Goldman Sachs’ stock (NYSE: GS) has gained approximately 4% YTD as compared to the 18% rise in the S&P500 index over the same period. Further, at its current price of $356 per share, it is trading 2% below its fair value of $363 – Trefis’ estimate for Goldman Sachs’ valuation. The investment bank posted mixed results in the second quarter of 2023, with revenues topping the consensus but earnings missing expectations. It reported total revenues of $10.9 billion – down 8% y-o-y, primarily driven by a 14% drop in the global banking & markets (which include investment banking and sales & trading) and a 4% decline in asset & wealth management. Notably, the asset & wealth management unit mainly suffered due to lower equity and debt investment revenues. That said, the top line was somewhat supported by a 92% jump in the platform solutions segment. On the cost front, the expenses figure increased by 12% y-o-y. Overall, the adjusted net income was reduced by 62% y-o-y to $1.07 billion.
The bank’s top line decreased 7% y-o-y to $23.1 billion in the first half of FY 2023. It was primarily due to a 15% drop in the global banking & markets division – investment banking and FICC (fixed income, commodity, and currency) trading declined by 24% and 21%, respectively. However, the negative impact was somewhat tempered by an 8% growth in asset & wealth management, followed by a 100% jump in the platform solutions. On the expense front, the operating expenses for the first half witnessed an unfavorable increase of 10% y-o-y. Altogether, the adjusted net income fell by 37% y-o-y to $4.2 billion.

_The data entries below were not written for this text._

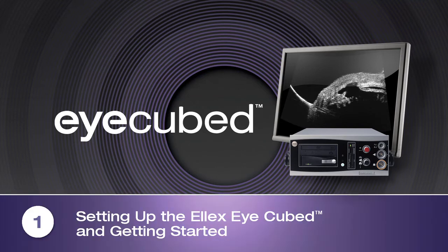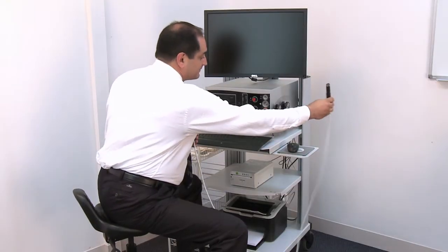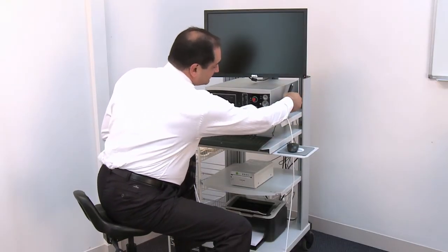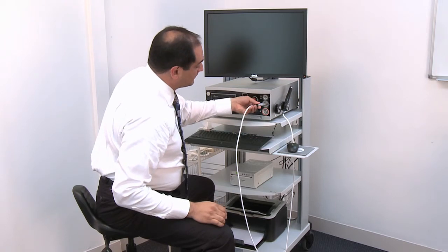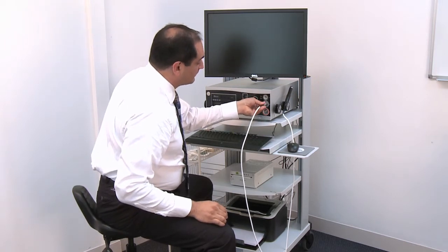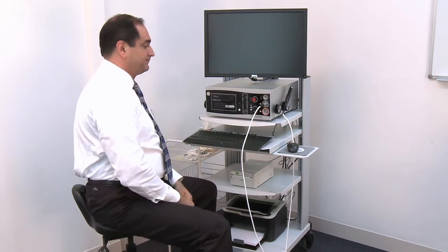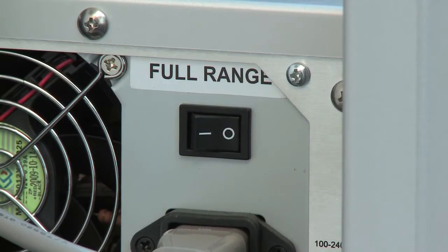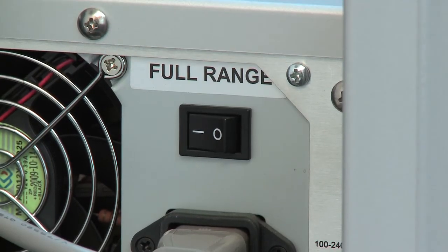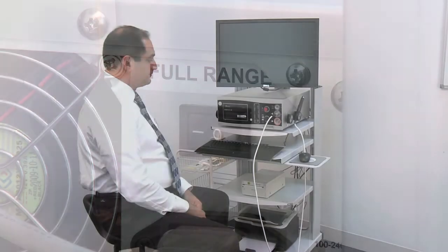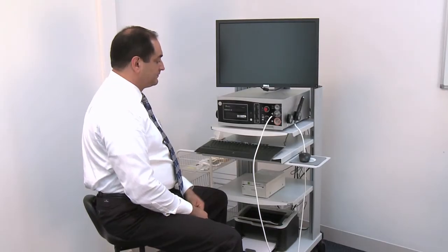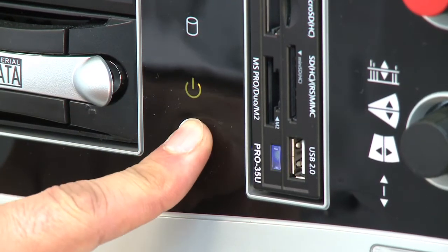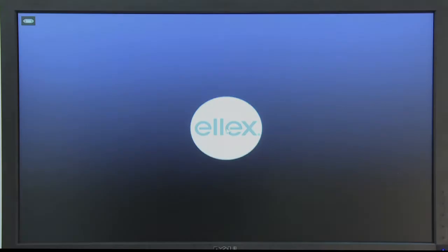Setting up the LX iCubed and getting started. Ensure all accessories, i.e. probes, footswitch, keyboard, are properly connected to the iCubed and that the main power switch on the back of the iCubed console is on the 1 position. Turn the system on by pressing the power button on the front panel of the iCubed console.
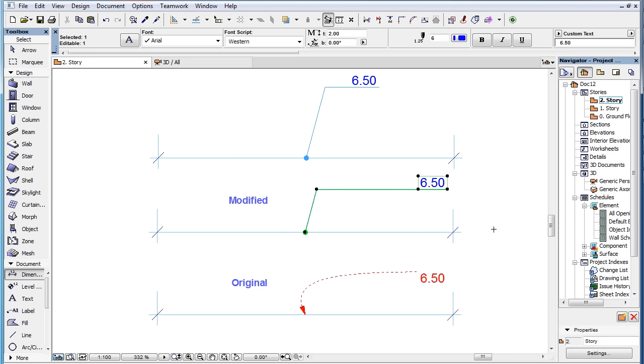The Pointer Connection Point changed from Upper to Underlined, and the Pointer Shape changed from Curve to Straight.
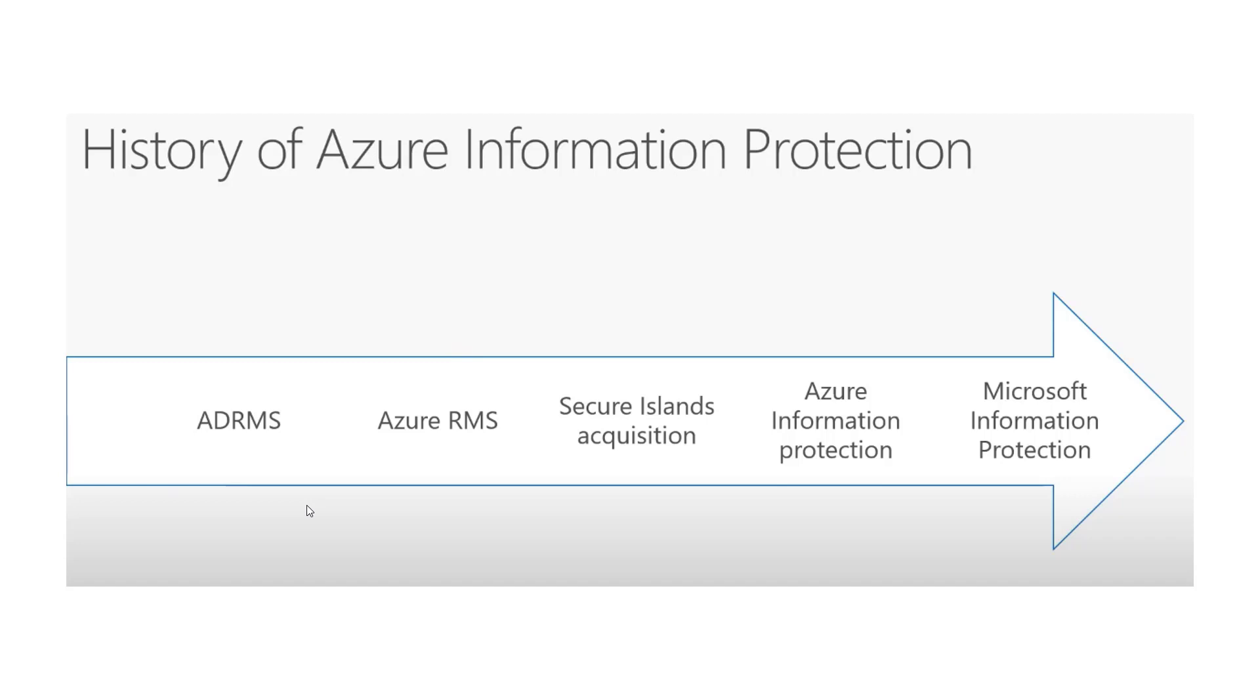With labeling, we traditionally created these labels and applied these policies within the Azure portal. Microsoft has recognized that this has become confusing over time in the sense of where the management task for information protection exists. The security and compliance center is actually where things are going to be located in the future. They're in this weird transition stage right now where they're running out of dual portals.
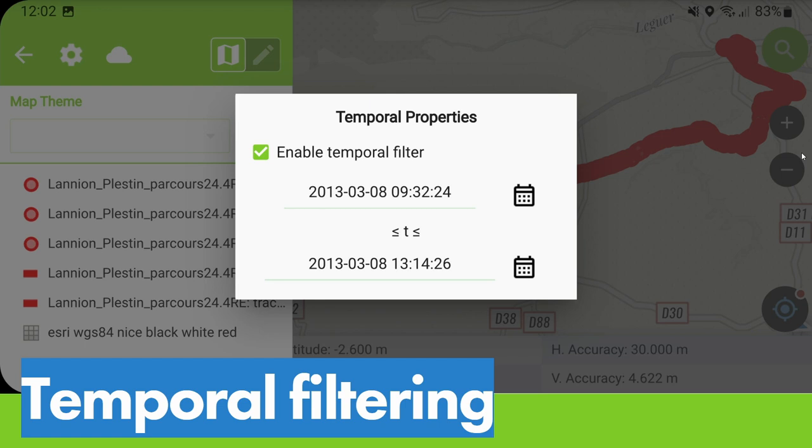Temporal filtering is also very useful. If you have a lot of data with timestamps, you can filter what you see on the map on a temporal basis — for example, only seeing data digitized in the last week. You can also view assets that are very recent or very old. In the field you can dynamically react to those kinds of things as well.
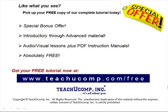Like what you see? Pick up your free copy of the complete tutorial at www.teachucomp.com forward slash free.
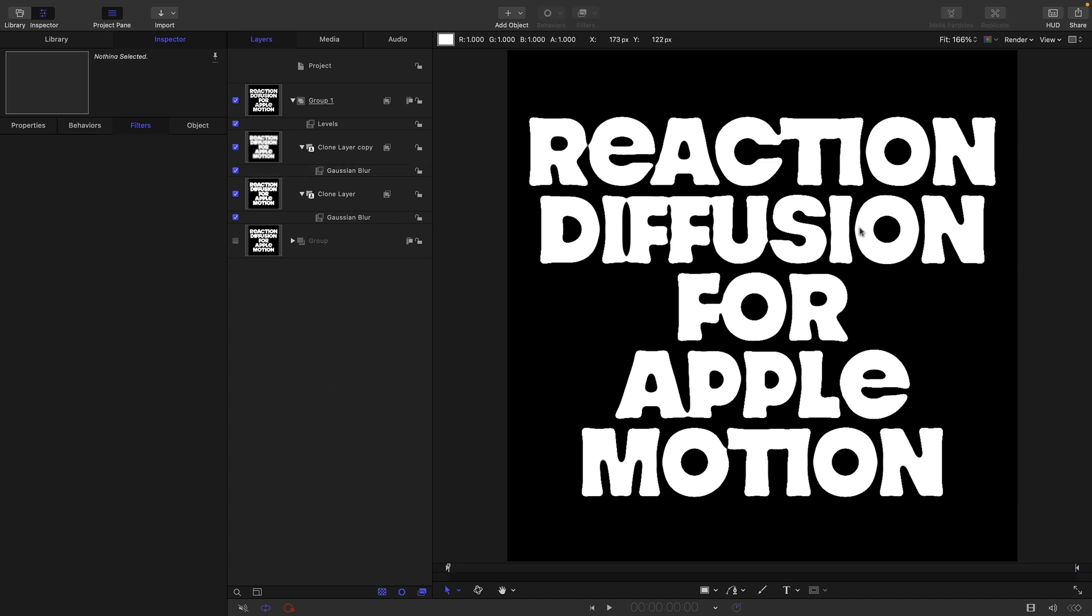Another option would be to crush that white value even more on the levels, but that's not desirable because it's going to start giving us very harsh steppy edges. So now we've got this soft rounded version of our text which is going to be the base of our effect.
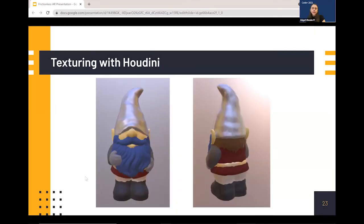As the next step in our pipeline, we texturized and painted our gnomes. At first we used textures and materials built into Houdini, but we soon discovered that exporting our model and texturing it using Substance Painter gave us many more possibilities to realistically texturize the model and gave us more artistic freedom, which we'll show you in a bit.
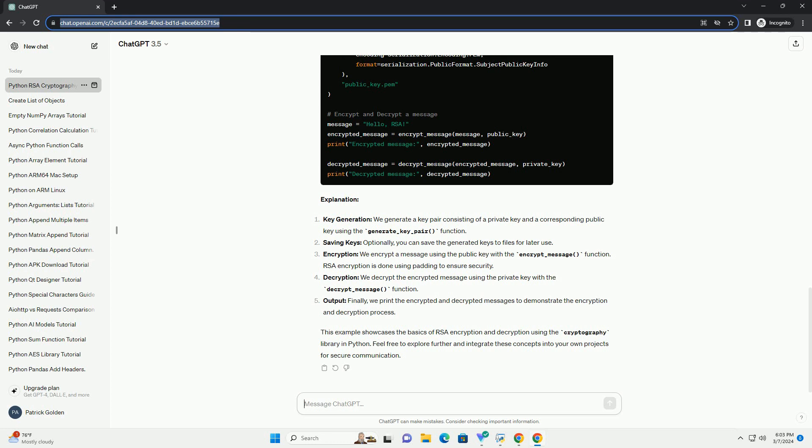This example showcases the basics of RSA encryption and decryption using the cryptography library in Python. Feel free to explore further and integrate these concepts into your own projects for secure communication.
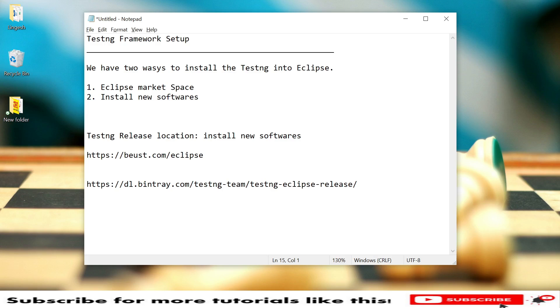Hello everyone, today I'm going to discuss how to install TestNG setup in Eclipse IDE. I will show you two different ways to install TestNG into Eclipse.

Moving forward, we expect the same trend to continue in Q3. All in all, Goldman Sachs revenues are forecast to touch $43.56 billion in FY2023. Additionally, GS’ adjusted net income margin is likely to decrease from 22.7% to 20.8%, leading to an adjusted net income of $9.1 billion. This coupled with an annual EPS of $26 and a P/E multiple of 14x will lead to a valuation of $363.